Seorang muslim percaya akan adanya hak kedua orangtua terhadap dirinya serta kewajiban berbakti, menaati dan berbuat baik terhadap keduanya. Tidak hanya karena mereka berdua menjadi sebab keberadaannya, atau karena mereka telah memberikan perlakuan baik terhadapnya dan memenuhi kebutuhannya, tapi juga karena Allah ‘Azza Wa Jalla telah menetapkan kewajiban atas anak untuk berbakti dan berbuat baik kepada kedua orangtuanya, bahkan Allah menyebutkan kewajiban berbakti kepada orangtua setelah penyebutan kewajiban terhadap-Nya yang merupakan ibadah kepada-Nya semata, tanpa kepada yang selain-Nya, sebagaimana Firman-Nya,
“Dan Rabbmu telah memerintahkan supaya kamu jangan menyembah selain Dia dan hendaklah kamu berbuat baik pada ibu bapakmu dengan sebaik-baiknya. Jika salah seorang di antara keduanya atau kedua-duanya sampai berumur lanjut dalam pemeliharaanmu, maka sekali-kali janganlah kamu mengatakan kepada keduanya perkataan , “Ah” dan janganlah kamu membentak mereka dan ucapkanlah kepada mereka perkataan yang mulia. Dan rendakanlah dirimu terhadap mereka berdua dengan penuh kesayangan dan ucapkanlah, ‘Wahai Rabbku, kasihilah mereka keduanya, sebagaimana mereka berdua mendidik aku waktu kecil’.” (Al-Isra’: 23-24).
Dan Firman-Nya,
Dan Kami perintahkan kepada manusia (berbuat baik) kepada dua orang ibu bapaknya; ibunya telah mengandungnya dalam keadaan lemah yang bertambah-tambah, dan menyampihnya dalam dua tahun. Bersyukurlah kepada-Ku dan kepada dua orang ibu bapakmu, hanya kepada-Ku lah kembalimu.” (Luqman: 14)

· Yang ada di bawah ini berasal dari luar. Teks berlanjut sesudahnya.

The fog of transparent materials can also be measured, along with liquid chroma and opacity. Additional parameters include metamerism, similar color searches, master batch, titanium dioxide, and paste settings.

Ketika Rasulullah SAW ditanya oleh seorang laiki-laki,
“Siapakah orang yang paling berhak mendapatkan baktiku?” Beliau menjawab, “Ibumu.” Laki-laki itu bertanya lagi, “Kemudian siapa lagi?” Beliau menjawab, “Ibumu.” Ia bertanya lagi, “Kemudian siapa lagi?” Beliau menjawab, “Ibumu.’  Ia bertanya lagi, “Kemudian siapa lagi?” Beliau menjawab, “Kemudian bapakmumu.”[1]
Beliau juga telah bersabda,
“Sesungguhnya Allah telah mengharamkan atas kalian  durhaka terhadap ibu-ibu kalian, tidak memberi kepada yang membutuhkan, mengubur hidup-hidup anak-anak perempuan dan Allah membenci adanya ucapan-ucapan yang tidak jelas sumber dan kebenarannya pada kalian, banyak bertanya-tanya dan menyia-nyiakan hartanya.”[2]

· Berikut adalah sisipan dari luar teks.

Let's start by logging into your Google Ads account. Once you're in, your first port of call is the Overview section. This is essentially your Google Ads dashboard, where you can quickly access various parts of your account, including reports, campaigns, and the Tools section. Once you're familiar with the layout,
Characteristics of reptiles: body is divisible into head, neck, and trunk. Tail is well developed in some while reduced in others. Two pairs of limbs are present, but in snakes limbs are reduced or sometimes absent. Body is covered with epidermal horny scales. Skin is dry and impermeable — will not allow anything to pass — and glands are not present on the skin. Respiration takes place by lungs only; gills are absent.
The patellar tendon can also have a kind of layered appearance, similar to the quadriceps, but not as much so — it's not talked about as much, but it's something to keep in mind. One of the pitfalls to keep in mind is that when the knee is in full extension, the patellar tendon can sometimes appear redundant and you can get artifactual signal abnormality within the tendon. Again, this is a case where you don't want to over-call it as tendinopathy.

Dalam sabda lainnya disebutkan,
“Maukah kalian aku beritahuakan tentang dosa besar yang paling besar?” Para sahabat menjawab, “Tentu wahai Rasulullah,” Beliau bersaba, “Mempersekututkan Allah, durhaka terhadap kedua orang tua,” saat itu beliau sedang bersandar, lalu beliau duduk, Kemudian melanjutkan , “Ingatlah, dan perkataan dusta serta persaksian palsu, ingatlah, dan perkataan dusta serta persaksisan palsu.” Beliau terus mengulang-ngulangnya sampai Abu Bakrah bergumam, “Mudah-mudahan beliau diam”[3]
Dalam sabda lainnya disebutkan,
“Seorang anak tidaklah dapat membalas (jasa) orangtuanya kecuali apabila ia mendapatinya sebagai budak lalu ia membelinya kemudian memerdekakannya.”[4]

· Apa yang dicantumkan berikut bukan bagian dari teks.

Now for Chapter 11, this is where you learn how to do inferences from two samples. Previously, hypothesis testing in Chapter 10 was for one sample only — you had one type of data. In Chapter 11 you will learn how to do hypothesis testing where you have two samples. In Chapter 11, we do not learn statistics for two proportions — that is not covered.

Abdullah bin Mas’ud RA berkata,
“Aku bertanya kepada Nabi SAW, ’Amal apakah yang paling dicintai Allah Ta’ala?’ Beliau menjawab, ‘Berbakti kepada kedua orangtua.’ Aku bertanya lagi, ‘Kemudian apa lagi?’ Beliau menjawab, ‘Jihad di jalan Allah’.[5]
Pernah suatu ketika seorang laki-laki menghapiri beliau dan meminta izin untuk berjihad, beliau bertanya,
Apakah kedua orangtuamu masih hidup?” Laki-laki itu menjawab, “Ya.” Beliau bersabda, “(Kalau begitu) berjihadlah (dengan berbakti) pada keduanya.”[6]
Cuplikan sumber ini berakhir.